FINALLY, a major contribution to the discussion about how we need to improve the quality of care delivery. That’s how we are truly going to bring costs down – by improving delivery, not just paying people less for the same old waste (and a bit of value).
O’Neill asks (click through to the NY Times to read the whole thing):
HEALTH care reform seems to be on the way, whether we want it or not. So I have been asking questions about the various proposals. Here is a sampling.
Which of the reform proposals will eliminate the millions of infections acquired at hospitals every year?
Which of the proposals will eliminate the annual toll of 300 million medication errors?
Which of the proposals will eliminate pneumonia caused by ventilators?
Which of the proposals will eliminate falls that injure hospital patients?
Which of the proposals will capture even a fraction of the roughly $1 trillion of annual “waste” that is associated with the kinds of process failures that these questions imply?
So far, the answer to each question is “none.”

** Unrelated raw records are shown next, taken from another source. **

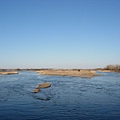 2009sandhill crane 036.jpg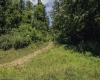 TBD Long Run Road, Worthington, West Virginia 26591, ,Lots/land,For Sale,Long Run,10161428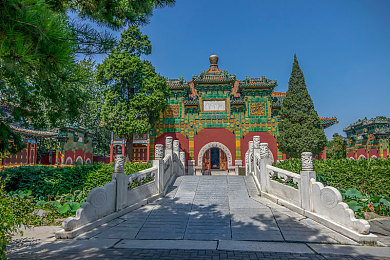 黄色oppo免费：地平线玩家新宠，亮色涂装免费获取攻略与社区文化探秘-4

Amen to that. This should be a non-partisan issue, the need to improve the delivery of care. These same problems exist in the U.S., Canada, and the UK, so it’s not a matter of which payer system is best. In the UK, they discuss MRSA and c-diff rates in the news all the time and you never hear about it here. We *know* how to fix these problems, as O’Neill writes in the Times. The solutions just aren’t spread widely enough yet? Why not? We could go through a hearty “5 whys” analysis on that one…
We can debate all we want the issues of how to provide access — the sad reality is we’ll be providing MORE access to an unsafe healthcare system.
I don’t mean to be alarmist. It’s not guaranteed you’ll be harmed in a hospital. But the odds are far worse than they need to be. More on this coming later this week, a blog post I had already written about medical errors and why it’s a cultural issue, not a technical one.
Great job, Paul O’Neill, getting this into the Times. I hope it’s heard and given its due attention.